Here are all the forms allowed for the `modules` field.

modules: a b- c* d*- some_folder/ z x y


`a` and `b-` when created are `a.spi` and `b.spi` respectively. `b-` however has special behavior in that it inlines the module into the enclosing scope. While everything in `a` will have its file name as its module name, `b`'s statements will get included directly into the enclosing one.

`c*` and `d*-` when created are `c.spir` and `d.spir` respectively. Similarly as for `b-`, the `-` in `d*-` acts as the include postfix. `.spi` and `.spir` files have important differences in their processing that will be covered in later sections - for now the documentation will be covering regular top-down `.spi` modules.

`some_folder/` is in fact a folder, and `z` and `x` are its submodules.

The parsing for the `modules` field in the package file is indentation sensitive so `y` won't be considered as part of the `some_folder` folder.

You can delete and rename files and folders from the package file using a code action. Renaming will change the file or folder name on the disk, but it won't actually rename the references to it.

Besides modules, it is also possible to provide packages.

Suppose you have a folder with subfolders `a`, `b` and `c`, each of which have their own `package.spiproj` file. If you want `c` to refer to `a` and `b` here is how it should be done.

packages: a b


Packages also support the include the postfix `-`. This is useful for including the core library for example (assuming it is there in the directory.)

packages: core- a b


By default, the module directory is current, and the package directory is the parent, but it is possible to set them explicitly.

packageDir: e:/spiral_packages moduleDir: src


`packageDir` and `moduleDir` fields both support relative and absolute paths.

Besides those 4, there package file schema also supports `name` and `version` fields, but those do not affect compilation in any way at the moment.

The great thing about packages is that their processing is done concurrently. While modules are processed strictly sequentially as in F#, packages are more flexible. Circular links between packages though are not allowed and will report an error.

### TODO

* Put the core library somewhere the users can get it. Right now it is buried in `Spiral Compilation Tests\compilation_tests`.
* Expand the `packages` field so that more elaborate paths can be provided.

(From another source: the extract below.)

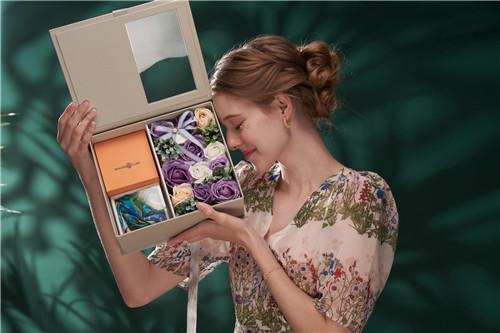 情人节礼物送女友包包推荐测评,情人节礼物推荐送女友包包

This should be good for now. I'll expand the package parser at a later date. This is not important to me right now. I do not expect any users in the near term.

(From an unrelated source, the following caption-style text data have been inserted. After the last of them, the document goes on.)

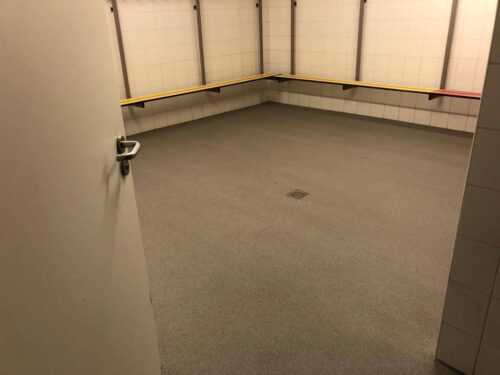 Nieuwe kleedkamervloer bij sportclub in Culemborg
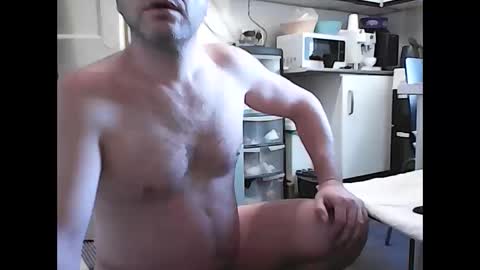 nico_boy000 online show from 02-14-25, 11:42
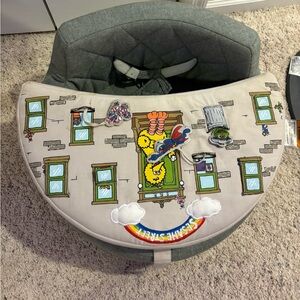 Crate & Kids Busy Baby Activity Chair - Sesame Street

5:35pm. I'll start the next segment as well.

So far I am doing well, already at 6 pages. A month of this and I will be done without problem.

6:45pm. I'll continue this tomorrow. Let me commit here.

It is good that I found the motivation to actually do something today. Tomorrow, I will put a dent in the top-down section. Let me chill here. There is no point in being frustrated by the pace of progress or wishing one could do more.

One just has to keep a steady pace and that's it."